Garrette and Baldridge show how by starting from annotated data that can be obtained with minimal effort (2 hours of work), one can apply existing model minimization, unsupervised, and supervised learning techniques in order to produce a reasonable tagger. By starting from type-supervised data generated automatically from existing annotated corpora, the authors could go a step further and answer not only the question of how good a POS tagger one can build with two hours of annotation investment, but also, how many hours of annotation investment are needed in order to deliver a state-of-the-art POS tagger.
The reason I liked Garrette and Baldridge’s paper most though is because it breaks away from an increasingly worrisome trend in the field: unsupervised learning for the sake of unsupervised learning. For many natural language processing (NLP) tasks, from Part-of-Speech tagging to dependency parsing, unsupervised learning is producing crappy, unusable results.

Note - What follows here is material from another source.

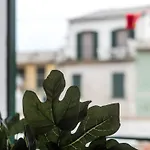 Recanissu With Balcony & Ac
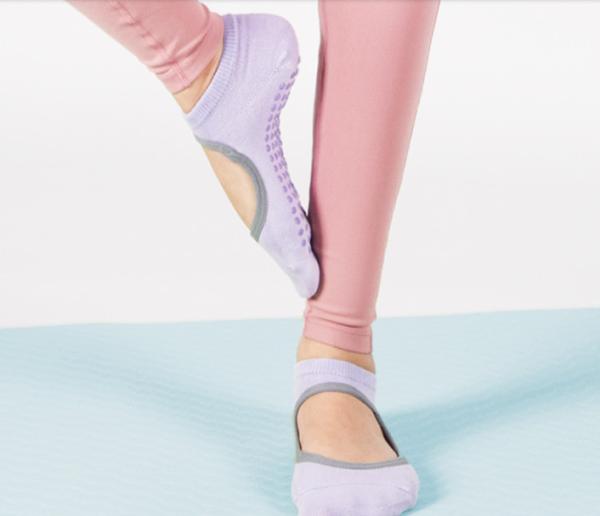 Sexy Anti - Slip Yoga Socks Women 'S Sports Dance Professional Backless Grip Gym Room Socks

In my view, spending years of effort and entire PhDs advancing the state of the art from 40 to 50% accuracy when 2 hours of investment in annotation takes one to 80-90% accuracy does not seem like the kind of impact one would hope to get from some of the top talent in the field. I am hopeful that Garrette and Baldridge’s approach will encourage NLP researchers to write more papers that fall into the category “Look Mom! I improved the state-of-the-art with only $250 of investment in data annotation” and fewer papers that fall into the category “Look Mom! I spent three years of my life and no money on data annotation, but I got a system that is 53% below the state of the art.”
In the second paper, Cherry shows how one can estimate and exploit sparse re-ordering features in statistical machine translation. By tightly integrating the sparse model estimation into the decoder, Cherry gets statistically significant increases in translation accuracy. Any paper that advances the state of the art in reordering for SMT ranks highly on my list – getting the target words into the right order is arguably one of the most difficult challenges in machine translation today. However, this paper got me excited for a different reason altogether. Training SMT engines have, to date, followed two classes of approaches: at one extreme, most researchers estimate first classes of parameters (a direct translation model, a reordering model, etc) using maximum likelihood estimators and then weight the importance of these classes by decoding and re-decoding a tuning corpus. More recently, several researchers have gone to the other extreme, where they estimate all hundreds of millions of SMT parameters online, via decoding again and again the entire training corpus. Cherry’s paper falls into the middle – most parameters are estimated cheaply, using ML estimators. However, a handful of parameters, those that govern reordering, are estimated online, in conjunction with other, more granular weights that govern classes of parameters/sub-models.
Almost 15 years ago, it took me a few years to understand that IBM Models 1 and 2 are not only the first documented steps of an intellectual journey that eventually took the IBM team to proposing Model 5, but more importantly, a required prop for enabling Models 3-5 estimation not to get stuck in some horrible local maxima (training Models 3-5 directly, without biasing them with the parameters learned by Model 1 leads to terrible results). Which makes me wonder whether Colin Cherry’s approach should be further evolved into one where online training methods are constrained first to learn only a subset of parameters and then encouraged to learn incrementally more and more complex classes of parameters in an effort to avoid local maxima that have nothing to do with translation quality.